|Title||Species categorization via MicroRNAs based on 3’UTR target sites using sequence features|
|Author(s)||Yousef, Malik; Levy, Dalit; Allmer, Jens|
|Source||In: Proceedings of the 11th International Joint Conference on Biomedical Engineering Systems and Technologies. - SciTePress - ISBN 9789897582806 - p. 112 - 118.|
|Event||11th International Joint Conference on Biomedical Engineering Systems and Technologies, Madeira, 2018-01-19/2018-01-21|
|Department(s)||PRI BIOS Applied Bioinformatics|
|Publication type||Contribution in proceedings|
|Keyword(s)||Categorization - Machine Learning - MicroRNA - MicroRNA Target - Sequence Features|
Proteins define phenotypes and their dysregulation leads to diseases. Post-translational regulation of protein abundance can be achieved by microRNAs (miRNAs). Therefore studying this method of gene regulation is of high importance. MicroRNAs interact with their target messenger RNA via hybridization within a specialized molecular framework. Many miRNAs and their targets have been identified and they are listed in various databases like miRTarBase. The experimental identification of functional miRNA-mRNA pairs is difficult and, therefore, they are detected computationally which is complicated due to missing negative data. Machine learning has been used for miRNA and target detection and many features have been described for miRNAs and miRNA:mRNA target duplexes generally on a per species basis. However, many claims of cross-kingdom regulation via miRNAs have been made and, therefore, we were interested whether it is possible to differentiate among species based on the target sequence in the mRNA alone.

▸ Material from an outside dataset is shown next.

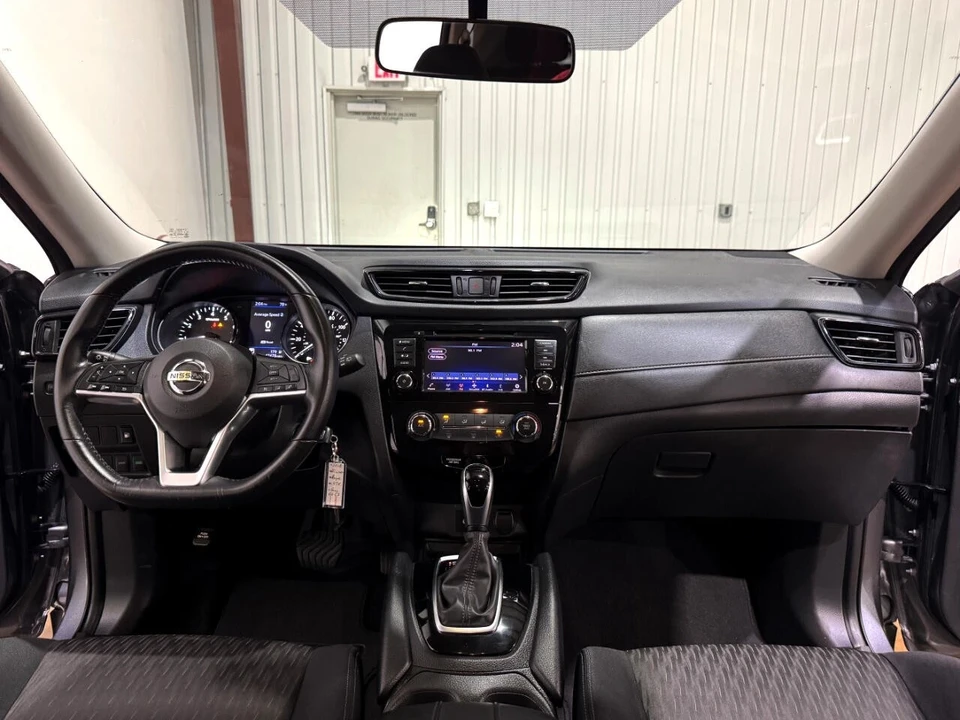 2018 Nissan Rogue - Image 18 of 21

Thus, we investigated whether miRNA targets sites within the 3’UTR can be differentiated between species based on k-mer features only. Target information of one species was used as positive examples and the others as negative ones to establish machine learning models. It was observed that few features were sufficient for successful categorization of mircoRNA targets to species. For example mouse versus Caenorhabditis elegans reached up to 97% average accuracy over 100 fold cross validation. The simplicity of the approach, based on just k-mers, is promising for automatic categorization systems. In the future, this approach will help scrutinize alleged cross-kingdom regulation via miRNAs in respect to miRNA from one species targeting mRNAs in another.